• INSTRUCTIONS FOR THE TASK
Below are the records; extract from them the line containing "Strategy business icon" to the line containing "Αρχαιολογικός Χώρος Τίρυνθας", both lines included, exactly and with no pictures.

• MATERIAL SUPPLIED
□ □ □ □ □

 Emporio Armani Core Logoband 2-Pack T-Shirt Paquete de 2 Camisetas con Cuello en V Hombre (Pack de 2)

□ □ □ □ □

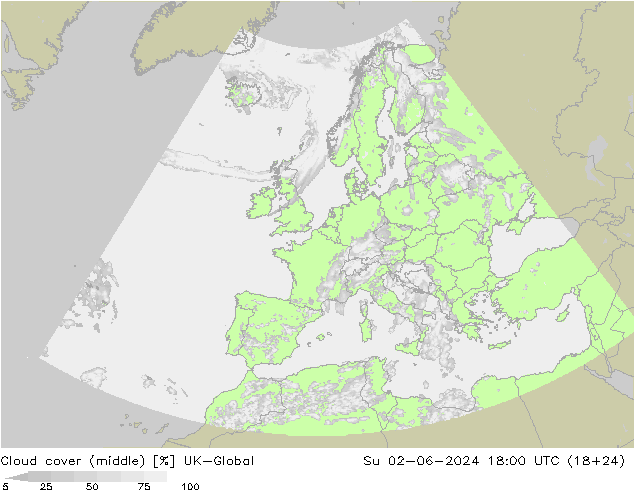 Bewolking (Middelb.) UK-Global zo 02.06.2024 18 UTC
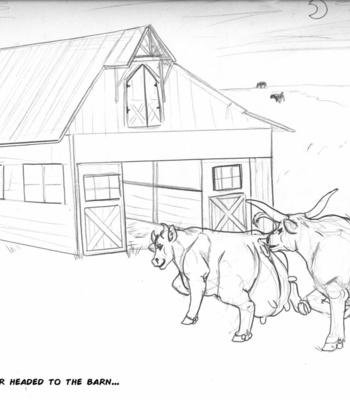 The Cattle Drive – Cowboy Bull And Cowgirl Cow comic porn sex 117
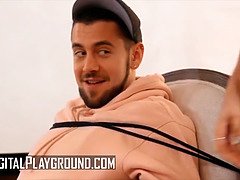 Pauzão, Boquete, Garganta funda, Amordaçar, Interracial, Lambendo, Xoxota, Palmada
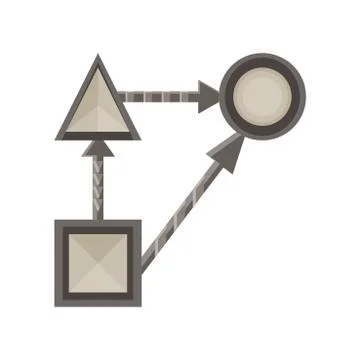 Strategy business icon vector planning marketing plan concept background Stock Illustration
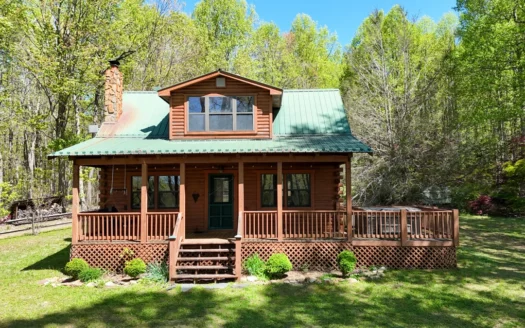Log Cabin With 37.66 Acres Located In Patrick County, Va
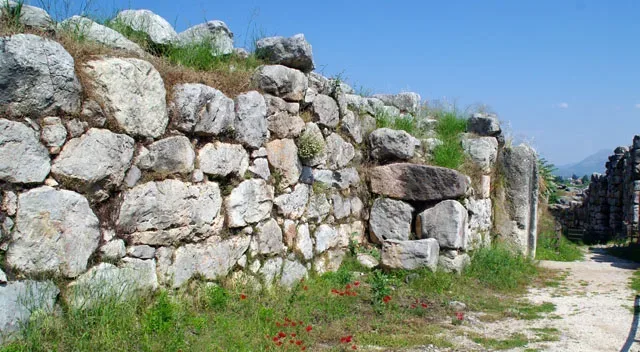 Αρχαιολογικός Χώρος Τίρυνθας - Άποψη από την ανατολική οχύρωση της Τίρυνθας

□ □ □ □ □

• RESULT OF THIS TASK
 Strategy business icon vector planning marketing plan concept background Stock Illustration
Log Cabin With 37.66 Acres Located In Patrick County, Va
 Αρχαιολογικός Χώρος Τίρυνθας - Άποψη από την ανατολική οχύρωση της Τίρυνθας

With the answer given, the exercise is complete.